I hope this guide will be useful I help those who use markers a lot. You can also apply this technique here to hand brushing ^^. By the way the true expert with markers is Ngee Khiong which you guys can check out his blog. He uses lots of gundam markers to great effect. Happy painting.
Till the next post!

meimi132
September 8, 2009
This is soooooo helpful! Cos I got the markers and was like, what the fudge do I do with em? They’re not like pens… not like highlighters…
So very helpful!! And they do work really nicely, specially on small areas. Drying my spare Gelgoog head atm lol, Might matt topcoat it after to see what happens lol.
chubbybots
September 8, 2009
Heh thanks! Just a word of caution on the topcoat. Spray in little mist rather than a thick coat. I actually melted my paint job from overspraying with the topcoat last time!
kreuzz
September 30, 2009
i’ve got your link from ngeekhiong blogspot, and thanks this really helpfull….
chubbybots
September 30, 2009
Heh no prob ^^. Glad it was of help to you.
AstrayP03 (Zhe)
November 23, 2009
I dunno about you, but I found the paint in one direction instructions pretty useless… not from ur blog in case ur wondering… =P
I just paint it until it covers the whole surface, let it dry, then apply a second coat. works fine for me ^^
but then again… each to his own, eh?
chubbybots
November 23, 2009
Well haha, wonder where you saw that lol
I used to paint in one direction but I realized it isn’t giving me pretty results. I changed to this and its slightly better haha ^^ Of course the spray can or hand brush will be more ideal.
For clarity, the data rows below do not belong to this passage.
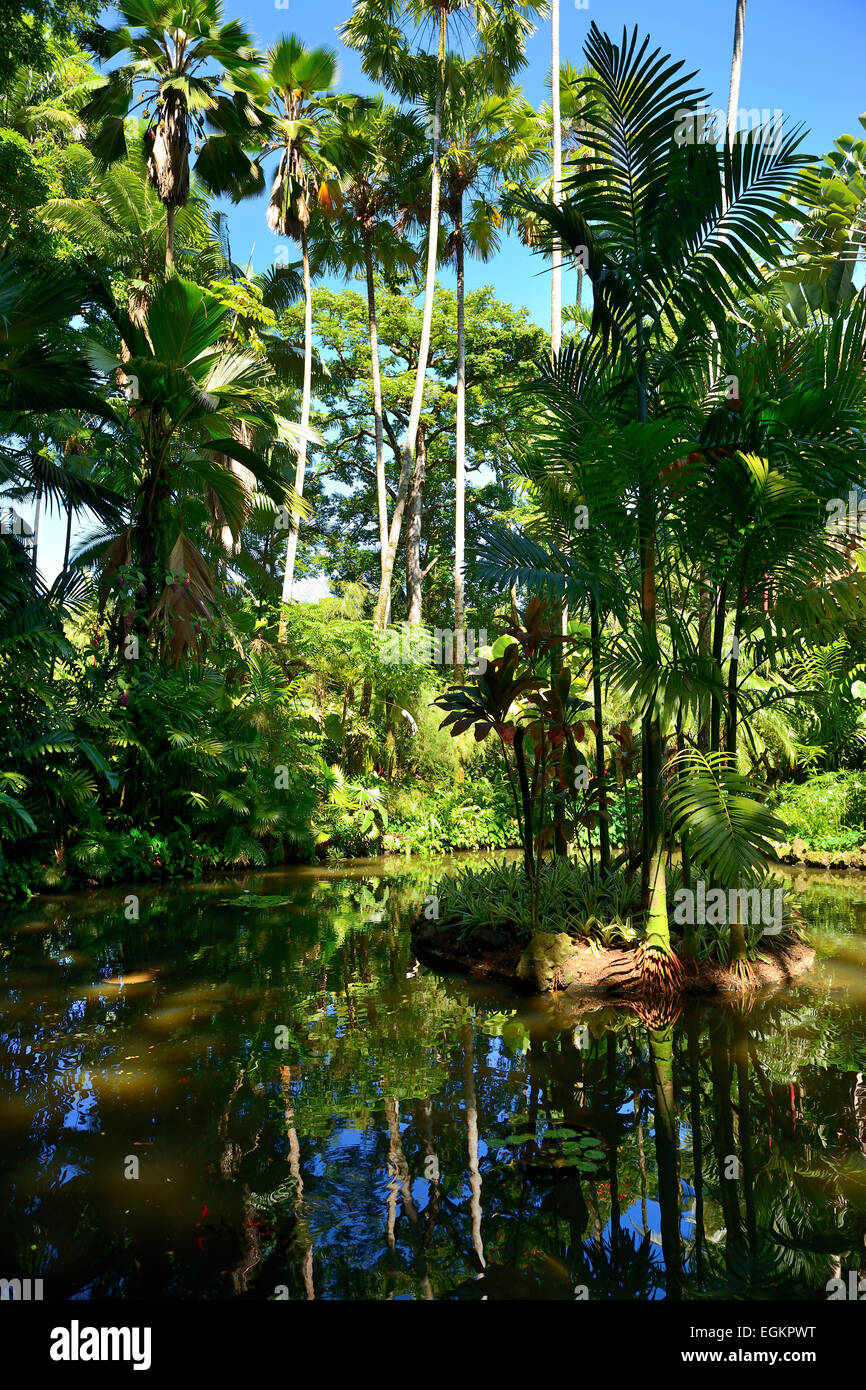 Lily-See in Hawaii Tropical Botanical Garden auf Onomea Bay, Big Island, Hawaii, USA Stockfoto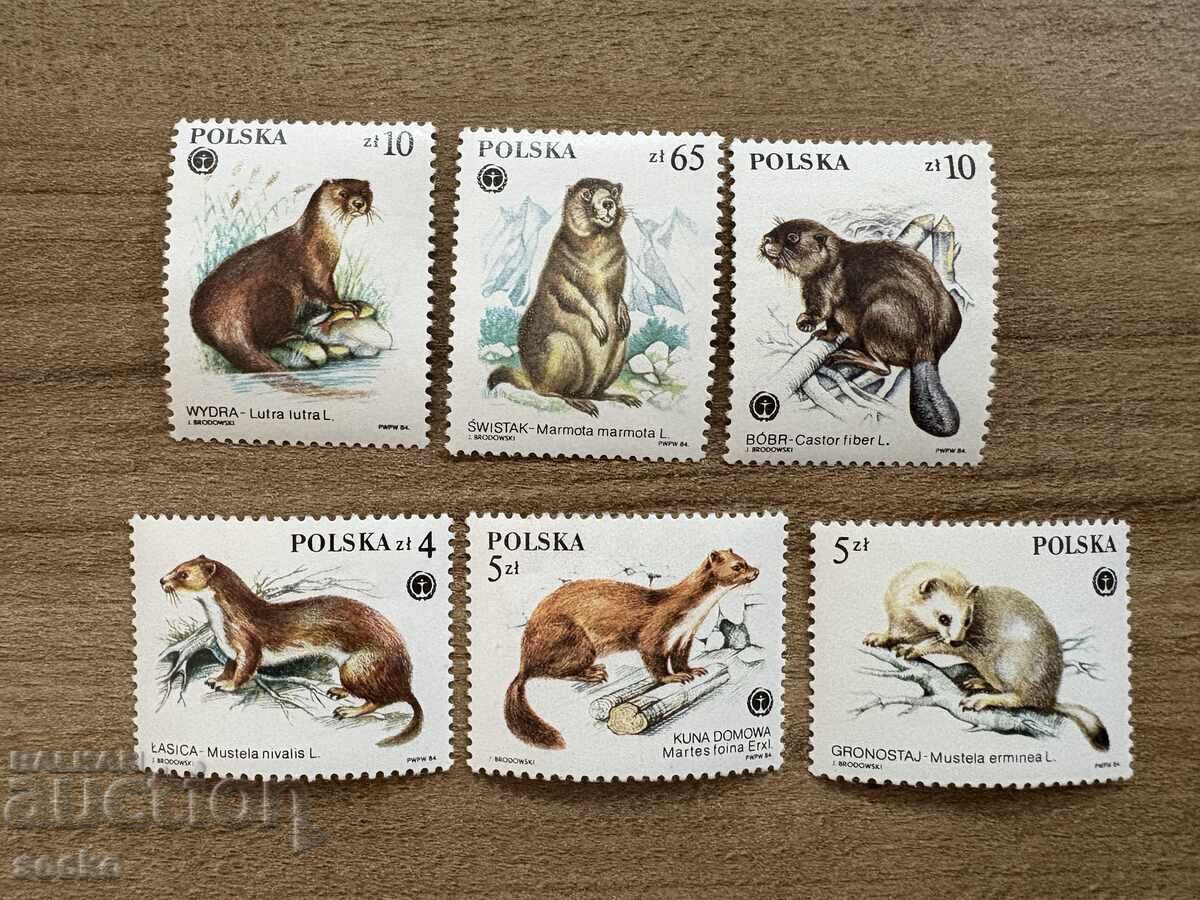 Полша - Защитени животни с ценна кожа (1984) MNH Полша - Защитени животни с ценна кожа (1984) MNH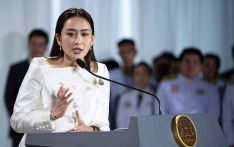 佩通坦被解职 新总理人选浮出 一文了解泰国政坛新动向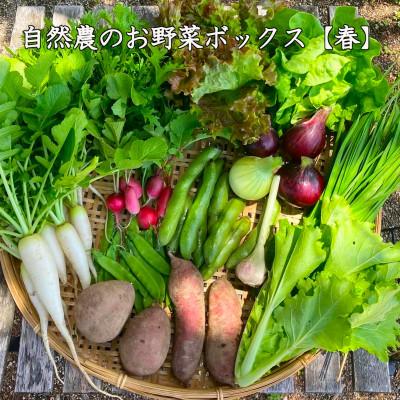 ふるさと納税 小豆島町 【自然農】季節のお野菜セット(約10品) |  | 01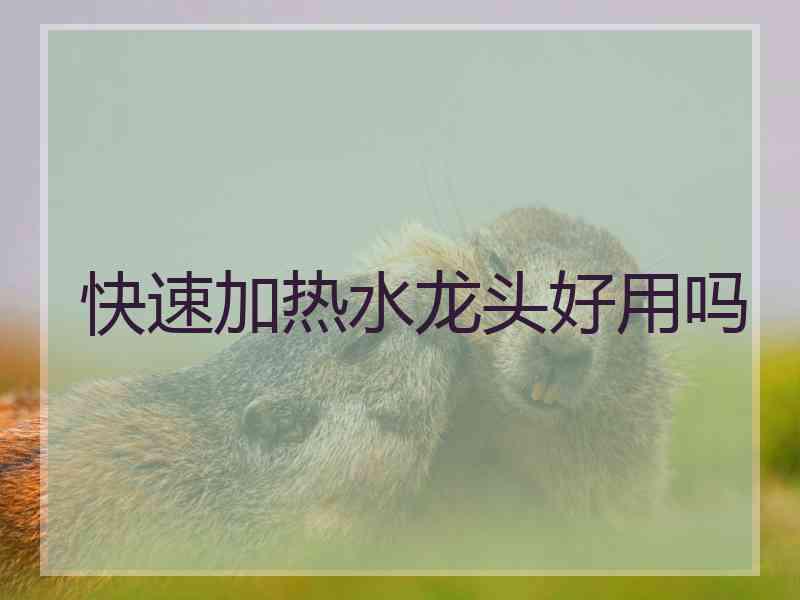 快速加热水龙头好用吗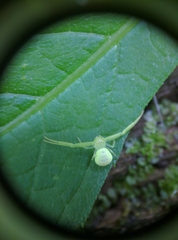 Misumessus oblongus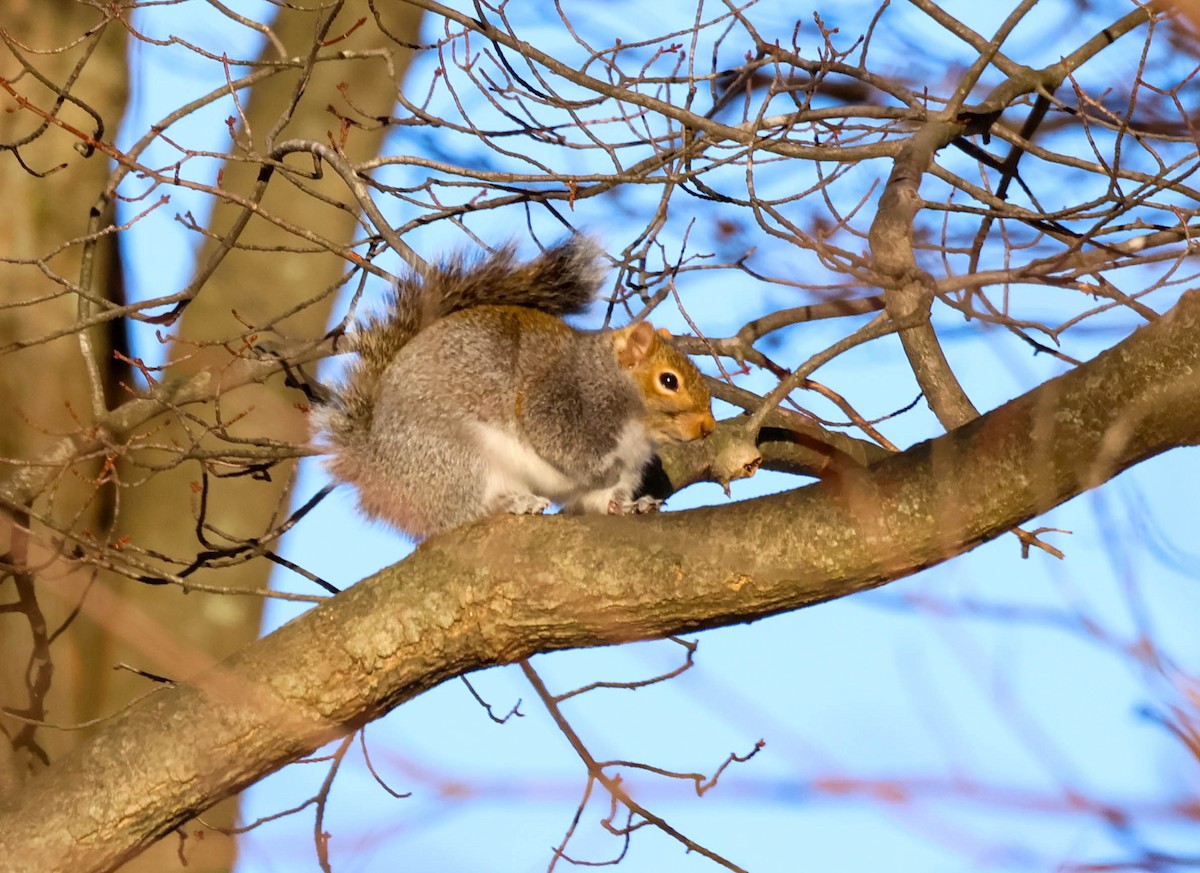 松鼠科 - ML646642531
And you are right. To each his own, just different paths to the same goal…I just want to get that damn spot covered!!!
AstrayP03 (Zhe)
November 23, 2009
I saw that in Jusco in the gunpla section. xD
chubbybots
November 23, 2009
OMG lol….the great irony….
NB
March 18, 2011
I recently got into using the markers and I’ve run into a little problem with them: they got darker. Not on the model I expected that but, I resumed work on a model that I was painting in Char’s colors and my ‘pink’ looked dark orange and my gray was nearly black. I shook them the very first time I used them but not that time. Do they need to be shaken every use?
chubbybots
March 19, 2011
Hi NB, markers like bottled paints will have to shaken every time before you use them. If not only the thinner will come out resulting in what you are experiencing! What you can do now is let the current layers dry and then paint over them once you throughly shake your markers. Hope this helps!
NB
March 19, 2011
Yes, thank you very much!
Spike
November 29, 2011
Hi, tried this method but my 2nd coat will always dissolve and scratch off the first coat, even after waiting one day. Any idea why? I’m using metallic gundam markers if it makes a difference, though I shouldn’t think so.
chubbybots
January 7, 2012
Hmm maybe your first coat was too thick resulting in the paint underneath still wet. And when you apply the second layer it just scratches off.